Two main causes of high winds in Colorado during the cold season are the air pressure difference between strong low pressure and colder high-pressure systems, and Chinook winds developing along the Front Range and mountains in the eastern half of the state.

A strong, low-pressure system in Colorado, coupled with a high-pressure system to the west, can send a cold wind, called a Bora, through the western part of the state and down the slopes of the eastern mountains. The result can be a cascade of high winds from the west or northwest into the adjacent plains at speeds of more than 100 mph. The damage caused by this event is usually much more widespread than that caused by a severe thunderstorm in the warm season.

Jet stream winds over Colorado are much stronger in the winter than in the warm season, because of the big difference in temperature from north to south across North America.
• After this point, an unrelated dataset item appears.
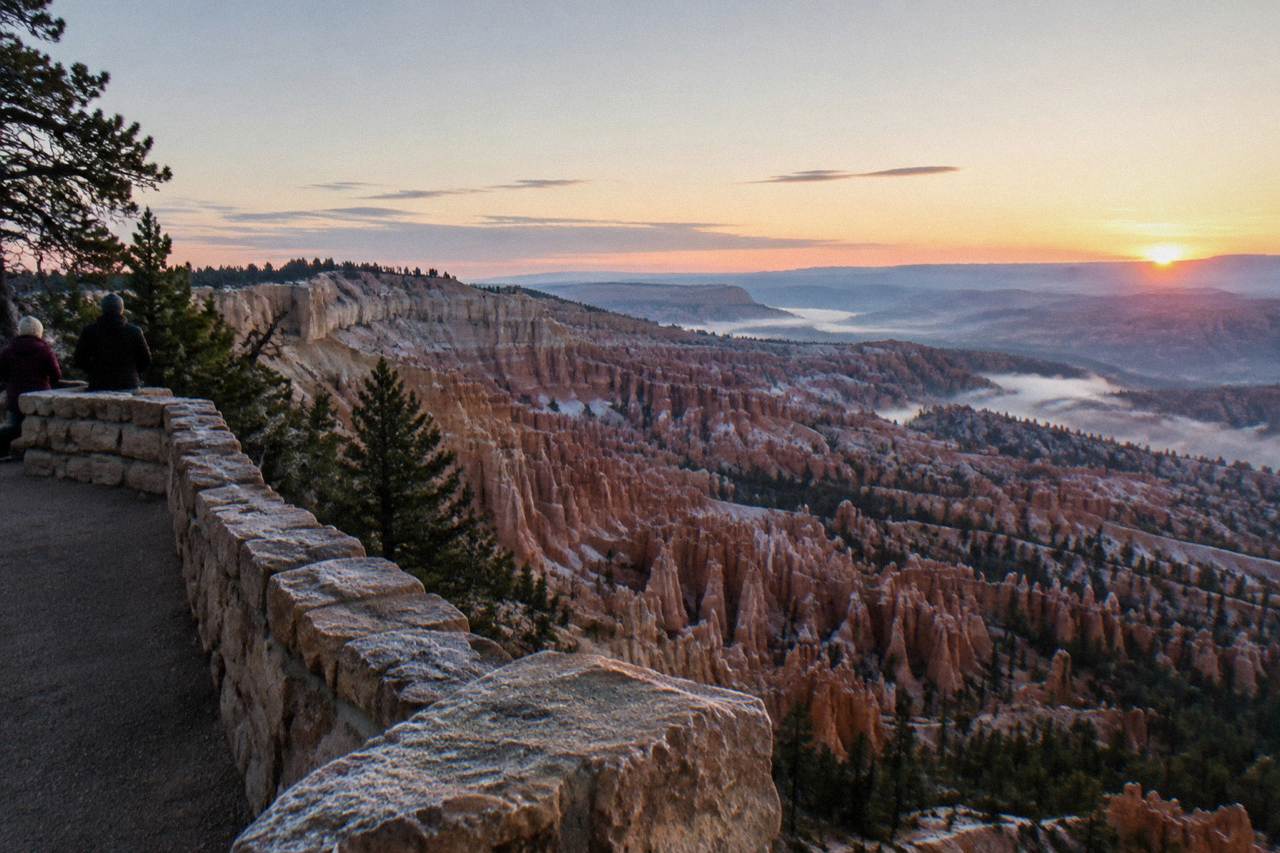 Hoodoo formations of the Bryce Amphitheater under a wide open sky at dawn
Very swift west winds, under certain conditions, can bring warm, dry Chinook winds plowing down the slopes of the eastern mountains. These winds, sometimes called snow eaters, also can exceed 100 mph in extreme cases, again bringing widespread damage. Winds of 60 to near 100 mph are possible in and near the foothills in the Fort Collins, Boulder, Denver, Colorado Springs, Canon City, Westcliffe, Walsenburg and Trinidad areas. The area around Boulder is especially prone to these extreme wind events.

Dangers from high winds include flying debris, collapsed structures and overturned vehicles. The National Weather Service will issue a high wind watch when there is a chance for high winds to develop. When the threat becomes more certain in a specific area, a high wind warning will be issued. Cold strong winds can also bring dangerously low wind chill values, prompting a wind chill advisory or wind chill warning.
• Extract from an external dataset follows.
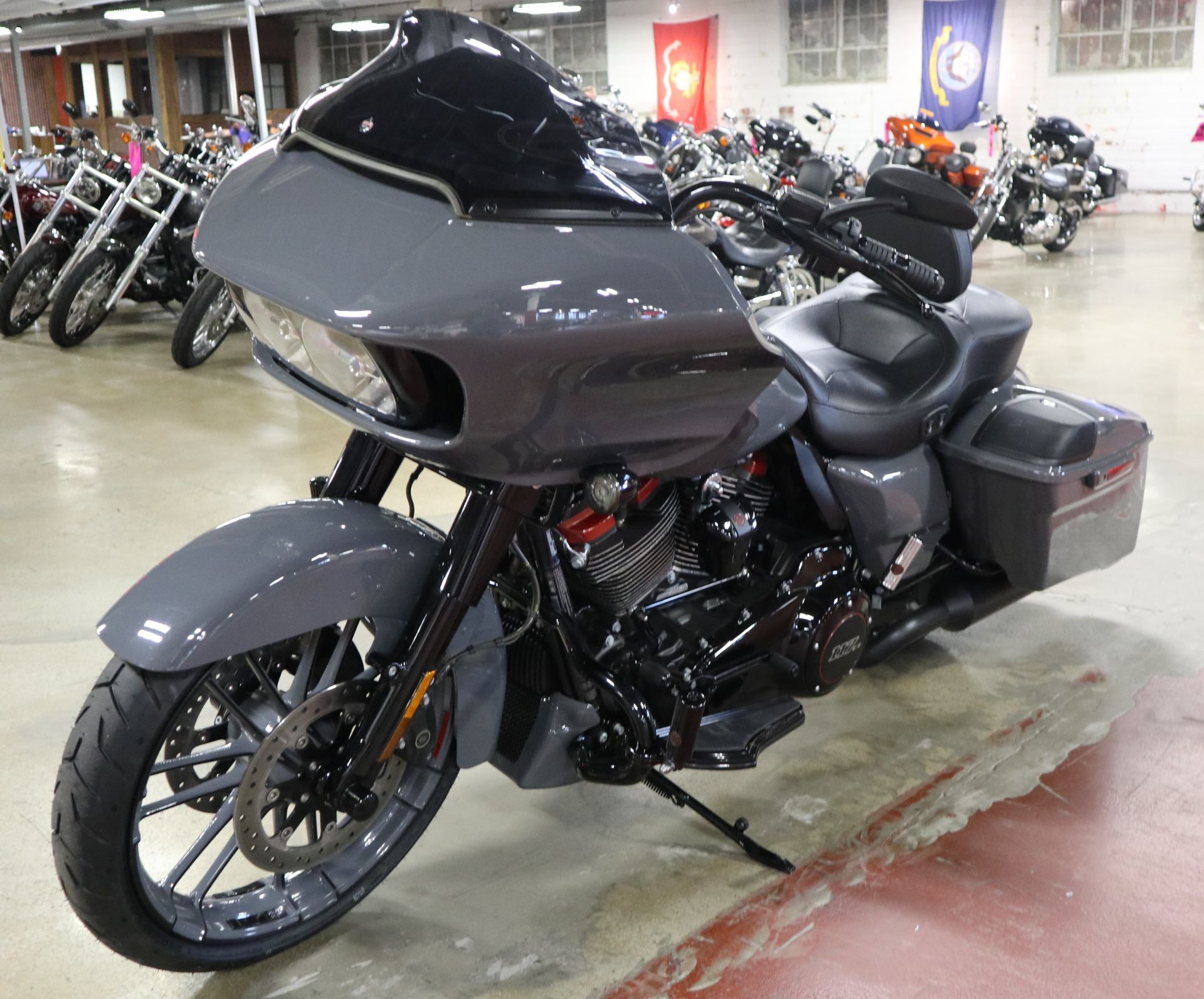 2018 Harley-Davidson CVO™ Road Glide® in New London, Connecticut - Photo 4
If high winds are forecast for your area, it is a good idea to bring lightweight belongings indoor or tie them down or move them so they do not become dangerous missiles. Any downed power lines should not be approached; instead call the utility company. Stay clear from buildings under construction during high winds. They can easily collapse. Traveling on north-south roads near the mountains during a high wind event can also be dangerous. If you drive a lightweight or high-profile vehicle, you may want to wait until the high winds subside.